Trwa wczytywanie strony. Proszę czekać...
Wtorek, 30 kwietnia. Imieniny: Balladyny, Lilli, Mariana
16/12/2016 - 07:55

Musiała wejść przez…bagażnik. Drzwi samochodu zamarzły na amen

Mroźny poranek dostarczył jednej z mieszkanek Nowego Sącza niezapomnianych wrażeń. Drzwi zaparkowanego pod chmurką auta zamarzły na amen. Trzeba było wchodzić do samochodu przez… bagażnik

Ten poranek był dla mieszkanki Nowego Sącza pełen przygód. Najpierw okazało się, że nie można otworzyć furtki w bramie, bo tkwiący w niej zamarznięty kluczyk nie chciał się przekręcić - opowiada pani Agnieszka.- Pilot od bramy też chyb na mrozie zwariował. Niewiele myśląc po prostu przelazłam przez bramę, Już to wyglądało komicznie.  

Ale na tym jej utrapienia się nie skończyły. Zamarzły także drzwi od auta pozostawionego za ogrodzeniem.

Przeczytaj też Odpaliła rano auto na…suszarkę do włosów

- Z odsieczą przyszedł mój mąż, ale drzwi nie dał rady otworzyć. Najgorsze było, że nie chciałam się spóźnić do pracy, bo byłam umówiona na ważne spotkanie. Na szczęście okazało się, że otwiera się bagażnik.
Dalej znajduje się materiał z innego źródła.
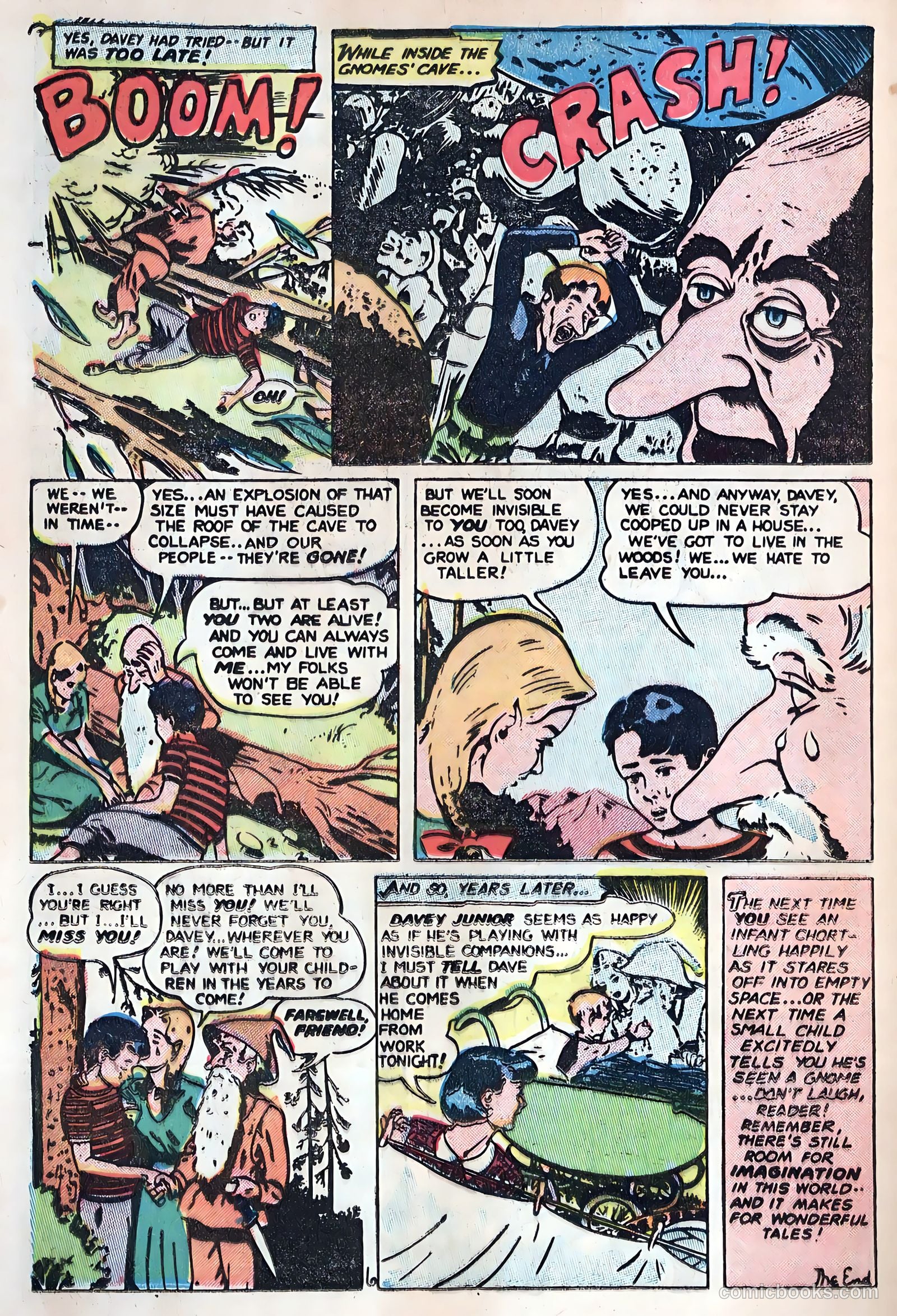 Adventures into the Unknown #63 (1955) — page 24 of 36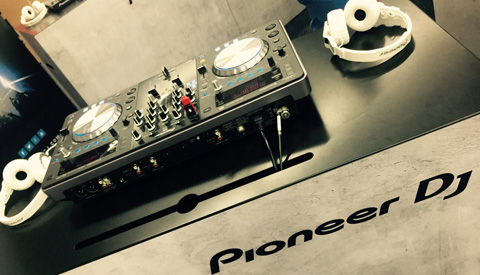 Pioneer DJ Workshop bij Media Markt Nieuwegein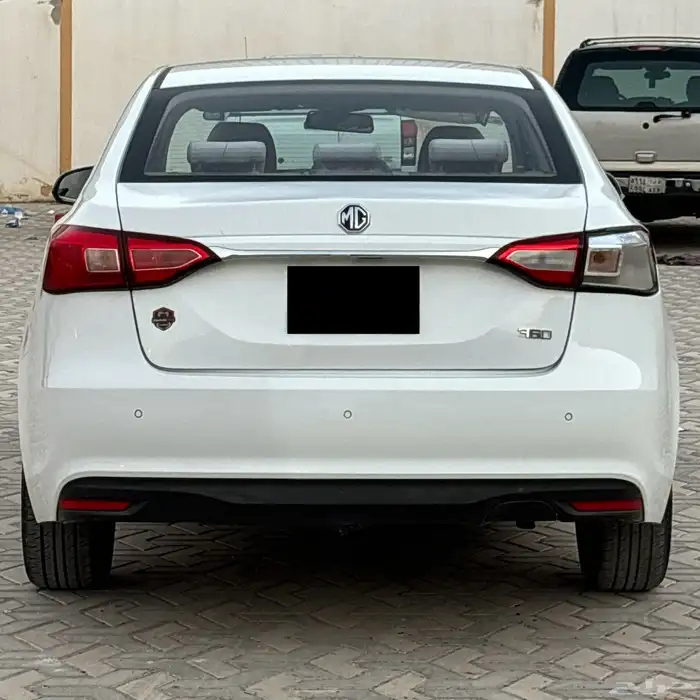 ام جي MG 360 2020 قير اتوماتيك 5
Mój samochód to fiat panda, więc musiałam się przecisnąć między wystającymi z tylnego siedzenia zagłówkami. Na szczęście jestem drobna, więc się udało.

W tym czasie - relacjonuje pani Agnieszka - mąż pękał ze śmiechu i komórką postanowił uwiecznić mój poranny wyczyn.

Przeczytaj też Przymrozek zaskoczył kierowców. Każdy skrobie szyby...czym może

Ale wchodzenie przez bagażnik przygód pani Agnieszki nie zakończyło.

- Kiedy przyjechałam do pracy, drzwi nadal nie się nie otwierały. Na parkingu, gdzie zostawiam auto, akurat nie było żywej duszy. Siedziałam więc uwięziona w samochodzie i już tylko mogłam albo płakać, albo śmiać się do rozpuku. Wybrałam to drugie.  Drzwi wreszcie odmarzły. Ale na umówione spotkanie się spóźniłam i dostałam od szefa burę.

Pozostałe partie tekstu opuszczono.